● Work required
Transcribe every line of the material below exactly, leaving out the pictures.

☆ ☆ ☆

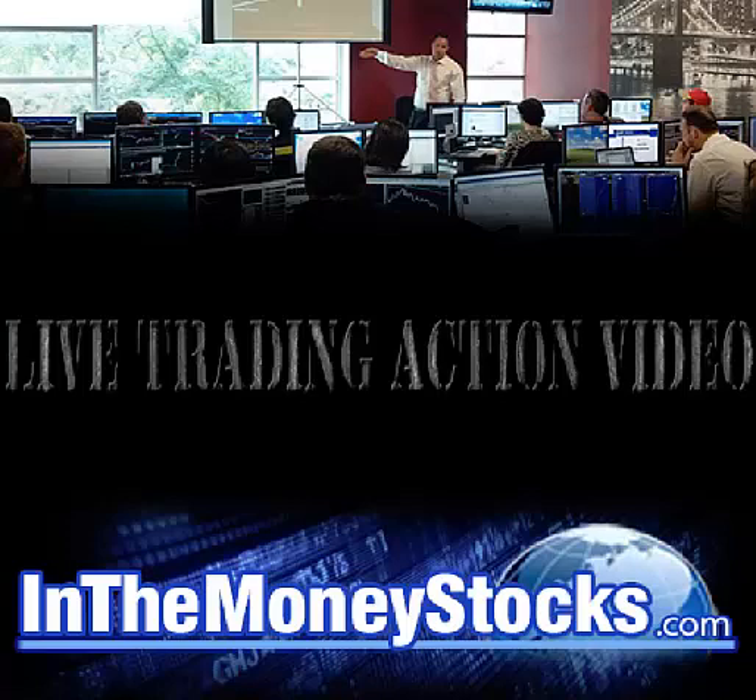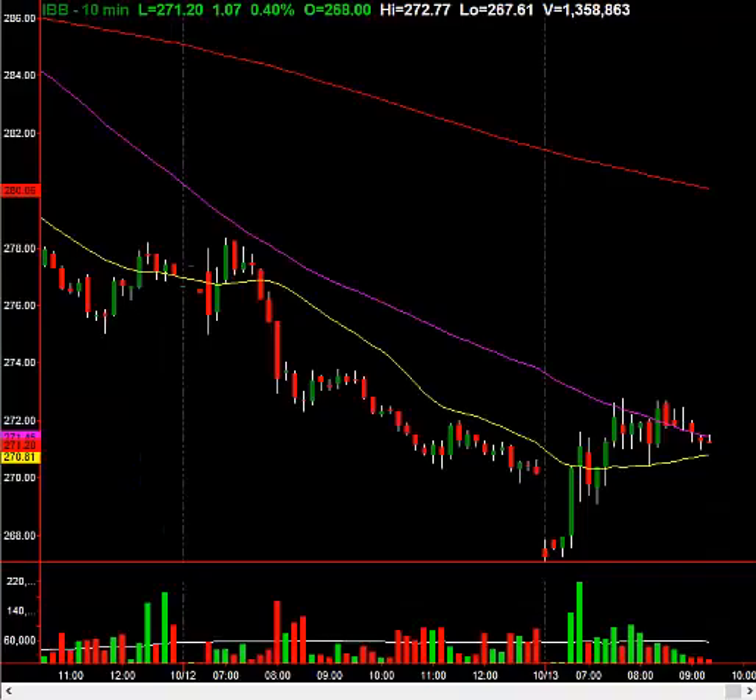Hey folks, welcome to InTheMoneyStocks.com's live trading action video. My name is Gareth Soloway, Chief Market Strategist here. Today's date is Thursday, October 13th, 2016.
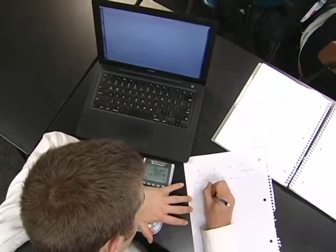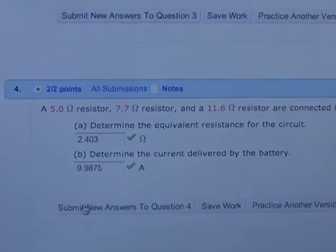Since our school started using WebAssign, our AP Physics and Chemistry test scores have increased 25% and the enrollment in both classes has increased as well.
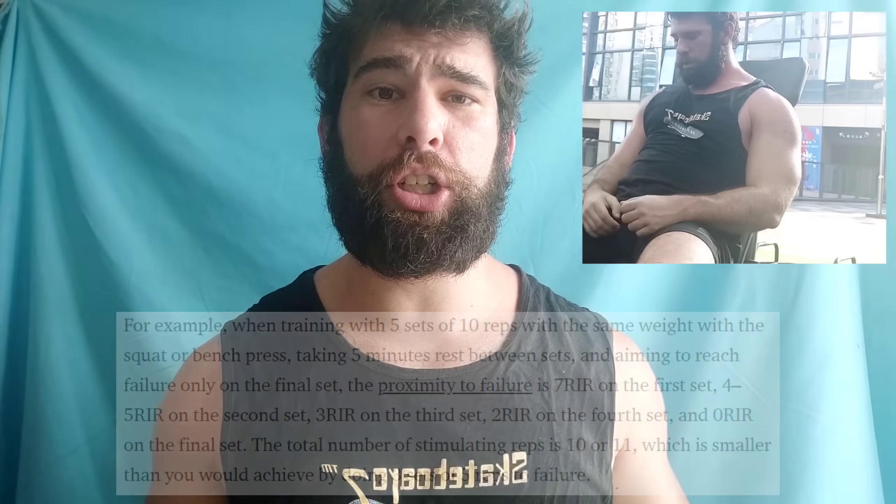Anecdotally, there are a lot of people who get pretty damn impressive results off of fairly low volumes because they are pushing each set sufficiently hard. If you have one set to get the job done, it's going to make pushing that set so much easier and you're going to be getting more effective reps. The kind of person doing huge volume but keeping 4, 5, 6, 7, 8, 9, 10 reps in the tank might actually be getting fewer effective reps.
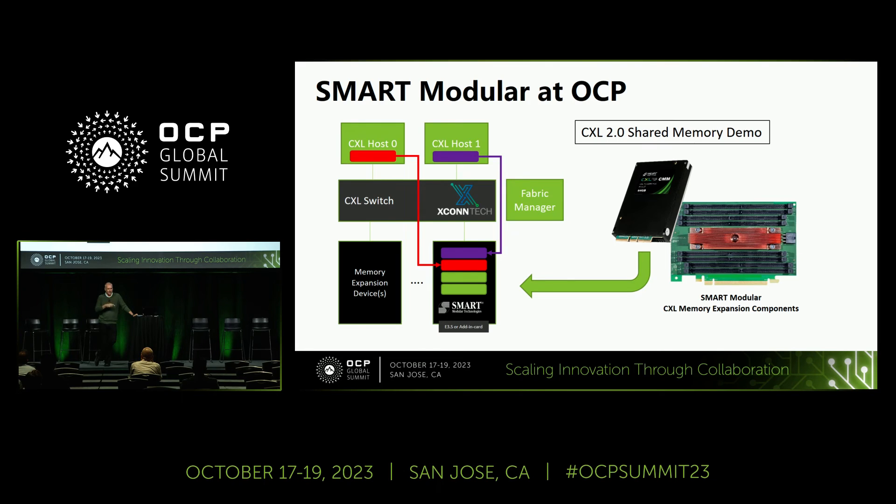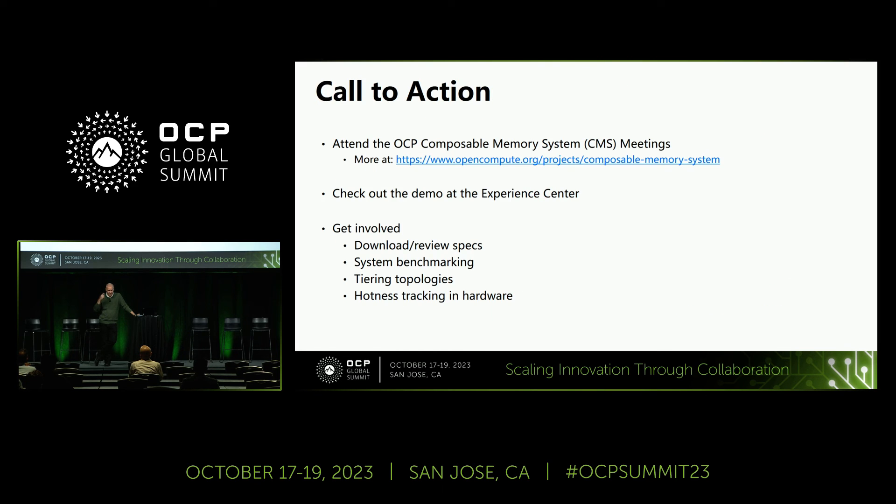Smart Modular has a demonstration with XCON running in the Experience Center — not running live in the booth, but logged into a live demo running our E3S module. Just fresh out of the fab is an 8-DIMM board now talking to the DIMMs and to CXL. Call to action: get involved with OCP CMS. These folks have been doing a fantastic job coordinating everyone. Check out our demo at the Experience Center, download the specs — it's been an invaluable resource. Hotness tracking is becoming a hot topic.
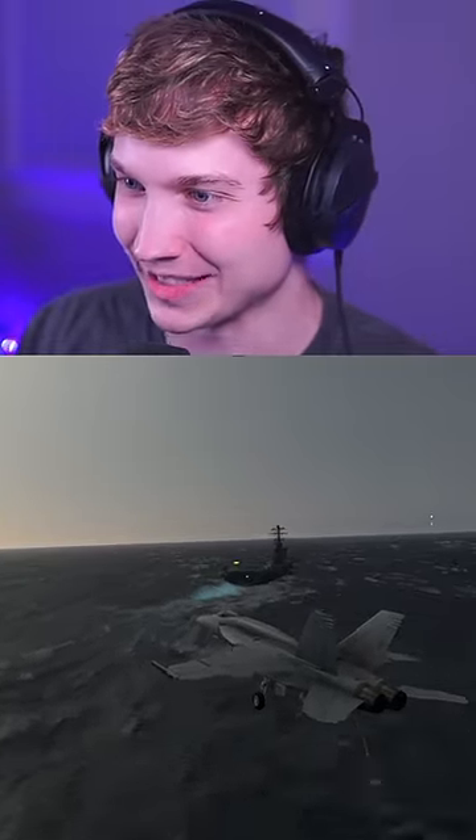Here's 70 knots of crosswind. Full rudder. Oh my god. Oh my god, that was almost better than the last one.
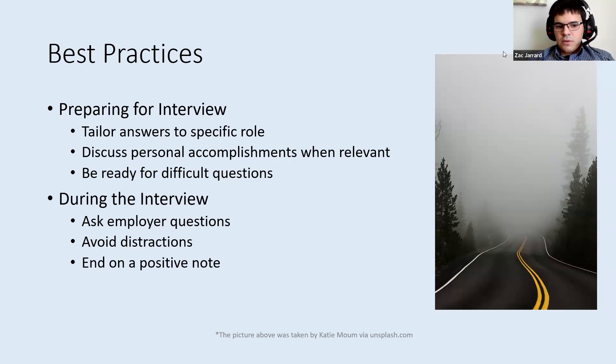During the interview, make sure you prepare questions for the employer and avoid distractions as much as possible. End on a positive note — thank everyone for their time, let them know you appreciated the opportunity, and express that you're excited to hear back from them. Ask roughly when you'll hear back, and send a thank-you note or even just a thank-you email. Those small gestures can go a long way toward the employer remembering who you are and showing that you really do want to go above and beyond if they hire you for that role.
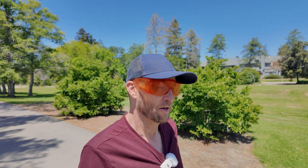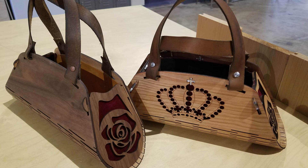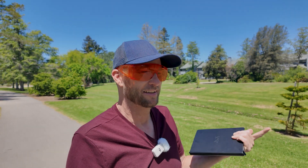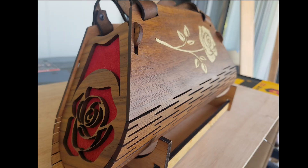I get up in the morning and I'm like, okay, I want to make this. I get a dream the night before and by that night it's done. There's not too many other things that you can do that with.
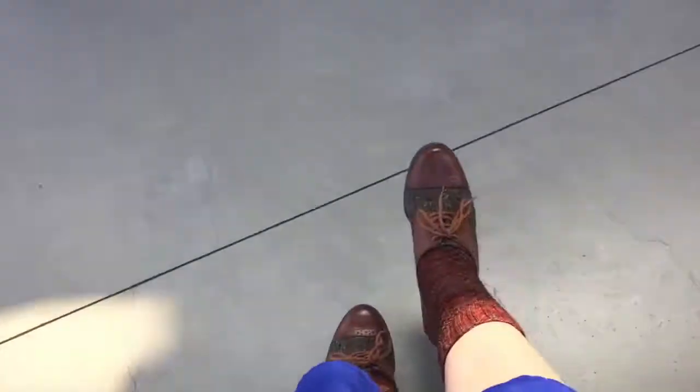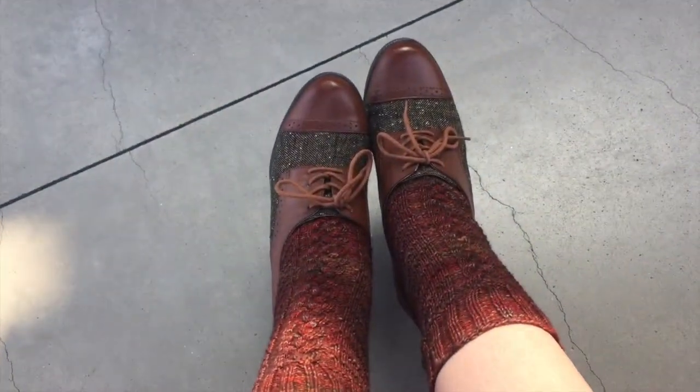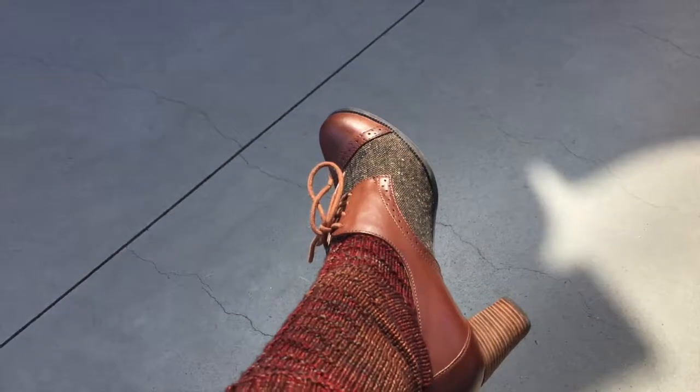I'm just wearing this pink blouse and a blue flouncy skirt and my sock design and these really amazing Oxford heels that just make the shoot, I feel. I'm super excited. We've taken like a gazillion pictures. We're having so much fun.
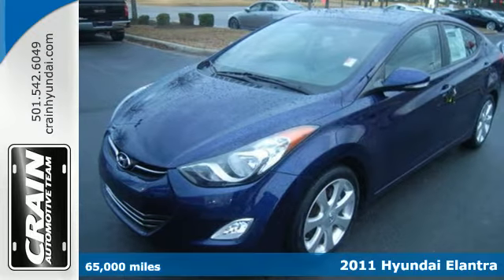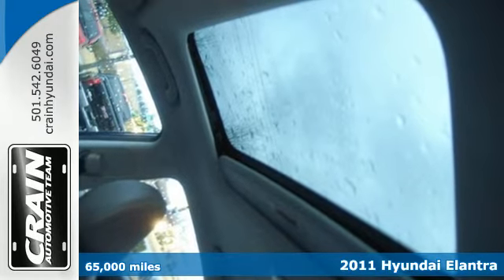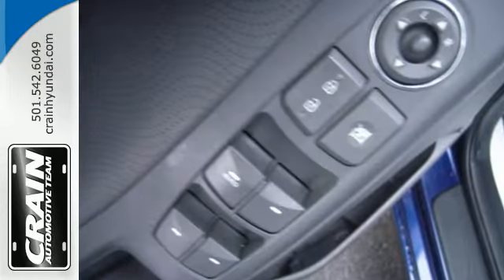It's a 2011 Hyundai Elantra — stylish and safe. It's loaded with standard amenities, including driver and passenger whiplash protection, dual front side-mounted airbags, and a premium audio system with a mast antenna.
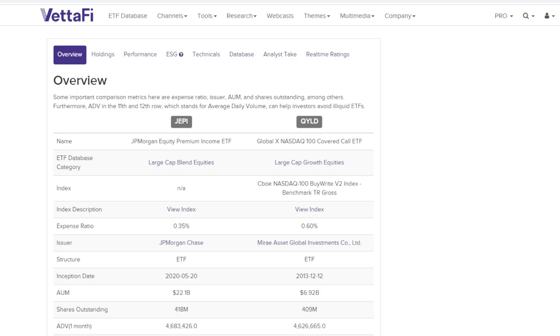Now that we know how both funds work, let's dig deeper and compare the two on ETFDB.com — a website where you can compare any ETFs and see what they have to offer. Looking first at JEPI, the index is N/A because it does not track a specific index; it buys a basket of stocks on an ongoing basis. The expense ratio for JEPI is about half the size of QYield's, which is pretty significant especially when investing a large amount of money. At 0.35%, that's on the lower end for covered call funds. The inception date is also important — JEPI has only been around about three years, which is something to keep in mind.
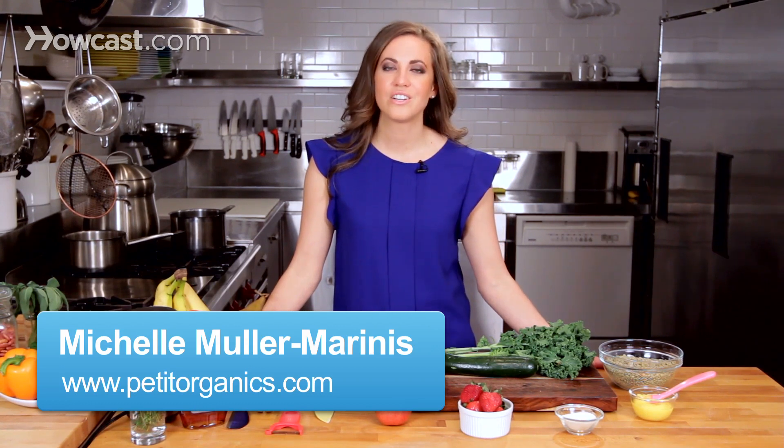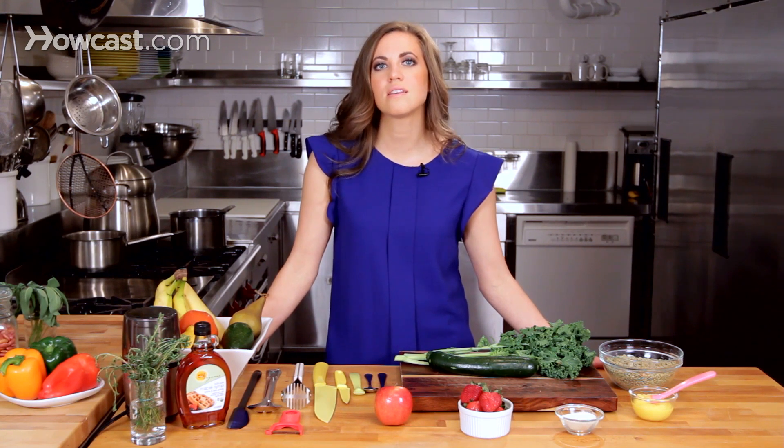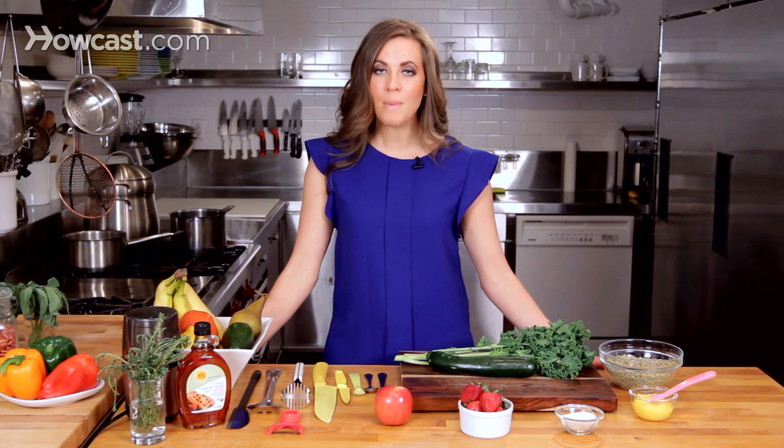I'm going to talk about the top indicators that your child is ready to start on solid foods. The first and most obvious sign is that your child actually shows interest in food. It's really important for mothers and fathers to try to sit down and eat with their children, especially with babies even before they're eating, because this shows them what eating is all about — the hand to mouth movement and the fact that it is something pleasurable. Once your child is starting to turn their head and is interested in what you're doing, that's a great indicator.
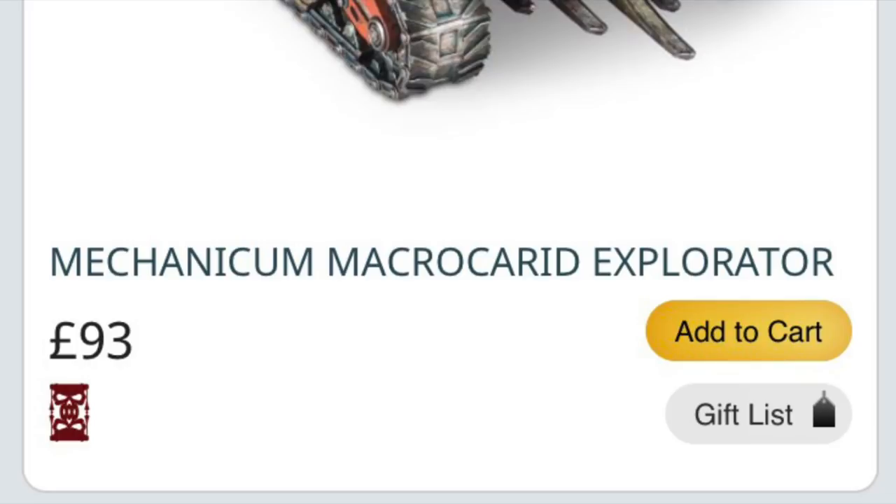For balance, on the plus side, the Iron Hands Contemptor Dreadnought has come back into production since last year — that was asked for many times at events, so they listened and brought it back. So that was good.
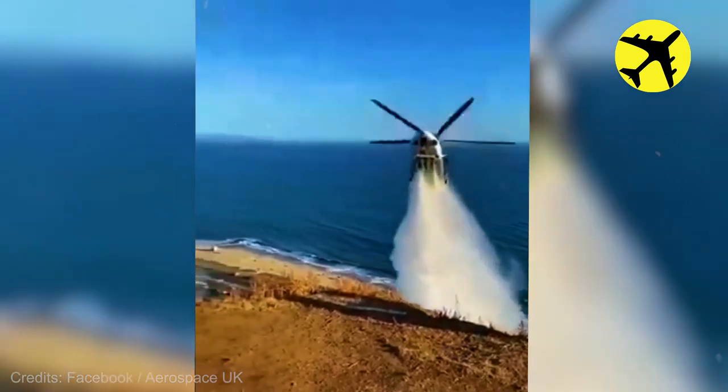A close-up footage of this helicopter as it drops water to stop a wildfire.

☆ ☆ ☆

● Output of the exercise
Hey folks, welcome to InTheMoneyStocks.com's live trading action video. My name is Gareth Soloway, Chief Market Strategist here. Today's date is Thursday, October 13th, 2016.
Since our school started using WebAssign, our AP Physics and Chemistry test scores have increased 25% and the enrollment in both classes has increased as well.
Anecdotally, there are a lot of people who get pretty damn impressive results off of fairly low volumes because they are pushing each set sufficiently hard. If you have one set to get the job done, it's going to make pushing that set so much easier and you're going to be getting more effective reps. The kind of person doing huge volume but keeping 4, 5, 6, 7, 8, 9, 10 reps in the tank might actually be getting fewer effective reps.
Smart Modular has a demonstration with XCON running in the Experience Center — not running live in the booth, but logged into a live demo running our E3S module. Just fresh out of the fab is an 8-DIMM board now talking to the DIMMs and to CXL. Call to action: get involved with OCP CMS. These folks have been doing a fantastic job coordinating everyone. Check out our demo at the Experience Center, download the specs — it's been an invaluable resource. Hotness tracking is becoming a hot topic.
Here's 70 knots of crosswind. Full rudder. Oh my god. Oh my god, that was almost better than the last one.
During the interview, make sure you prepare questions for the employer and avoid distractions as much as possible. End on a positive note — thank everyone for their time, let them know you appreciated the opportunity, and express that you're excited to hear back from them. Ask roughly when you'll hear back, and send a thank-you note or even just a thank-you email. Those small gestures can go a long way toward the employer remembering who you are and showing that you really do want to go above and beyond if they hire you for that role.
I get up in the morning and I'm like, okay, I want to make this. I get a dream the night before and by that night it's done. There's not too many other things that you can do that with.
I'm just wearing this pink blouse and a blue flouncy skirt and my sock design and these really amazing Oxford heels that just make the shoot, I feel. I'm super excited. We've taken like a gazillion pictures. We're having so much fun.
It's a 2011 Hyundai Elantra — stylish and safe. It's loaded with standard amenities, including driver and passenger whiplash protection, dual front side-mounted airbags, and a premium audio system with a mast antenna.
Now that we know how both funds work, let's dig deeper and compare the two on ETFDB.com — a website where you can compare any ETFs and see what they have to offer. Looking first at JEPI, the index is N/A because it does not track a specific index; it buys a basket of stocks on an ongoing basis. The expense ratio for JEPI is about half the size of QYield's, which is pretty significant especially when investing a large amount of money. At 0.35%, that's on the lower end for covered call funds. The inception date is also important — JEPI has only been around about three years, which is something to keep in mind.
I'm going to talk about the top indicators that your child is ready to start on solid foods. The first and most obvious sign is that your child actually shows interest in food. It's really important for mothers and fathers to try to sit down and eat with their children, especially with babies even before they're eating, because this shows them what eating is all about — the hand to mouth movement and the fact that it is something pleasurable. Once your child is starting to turn their head and is interested in what you're doing, that's a great indicator.
For balance, on the plus side, the Iron Hands Contemptor Dreadnought has come back into production since last year — that was asked for many times at events, so they listened and brought it back. So that was good.
A close-up footage of this helicopter as it drops water to stop a wildfire.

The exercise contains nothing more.